**Entries shown:**
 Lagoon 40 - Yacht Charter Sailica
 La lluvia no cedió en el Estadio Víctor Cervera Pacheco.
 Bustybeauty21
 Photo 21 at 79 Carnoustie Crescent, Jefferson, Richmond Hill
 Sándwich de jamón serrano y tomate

**Problem statement:** The answer must be the line containing "Bustybeauty21" and every line after it through the last line of the records above, repeated exactly.

**Result for this task:**
 Bustybeauty21
 Photo 21 at 79 Carnoustie Crescent, Jefferson, Richmond Hill
 Sándwich de jamón serrano y tomate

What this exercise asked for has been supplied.